The unbundling of Eskom will begin with the setting up of a transmission company with its own independent board by the middle of the year, according to the 2019 budget tabled by Finance Minister Tito Mboweni on Wednesday.
"Priority will be given to the creation of the transmission company by establishing a subsidiary of Eskom Holdings with an independent board appointed by mid-2019," an annexure to the budget devoted to the restructuring of the company notes.
It says the new company would own the entire existing Eskom transmission network -- the grid, substations, the national control centre and system operator assets, as well as the utility's Peaker power stations, which house pumped storage, hydro and gas turbines.
The split was envisioned in government policy documents written 20 years ago but was finally announced by President Cyril Ramaphosa in his state of the nation address earlier this month.
In his budget, Mboweni makes plain that it is a condition for additional, provisional financial support for the ailing utility of R69 billion over the next three years.
National Treasury notes in the budget documents that the vast, vertically integrated structure of Eskom at the moment, means that a problem experienced in one part of the business threatened the entire company and affects the energy stability of the whole country.

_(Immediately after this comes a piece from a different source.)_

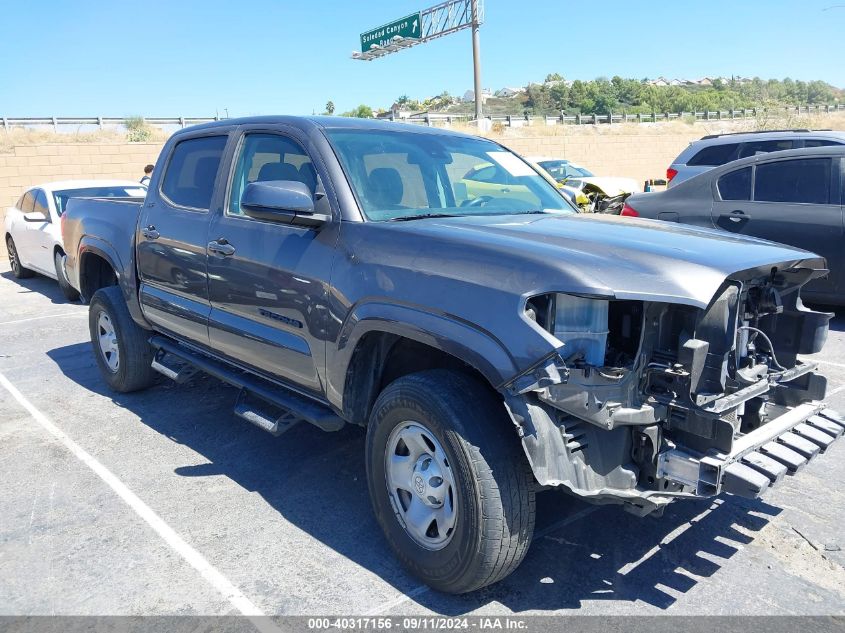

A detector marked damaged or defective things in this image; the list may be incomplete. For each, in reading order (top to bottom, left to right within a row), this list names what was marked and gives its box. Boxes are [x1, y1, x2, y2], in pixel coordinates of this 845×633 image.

damaged toyota tacoma [61, 116, 844, 596]
crumpled hood [386, 212, 820, 308]
front end damage [504, 260, 840, 516]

An unbundling will "mitigate the risk arising from an Eskom that is 'too big to fail' and limit financial contagion from underperforming parts of Eskom's generation business, where most of the problems originate," it said.
It will also allow the sector to embrace clean technology and diversify generation "across a multitude of producers".
Creating the new transmission company will require a complex set of technicalities, including migrating property rights presently held by Eskom and amending the transmission licence to allow the new entity to buy and sell electricity.
It will also require staff to be transferred from Eskom to the new business.
Mboweni also made his lifeline to the company - intended to help it service its debt costs - conditional on adherence to a turnaround plan that proposes improving workforce efficiency and rationalising mid management staff.
He said Eskom had committed to saving more than R22 billion per year by 2022 but this excluded cutting its salary bill.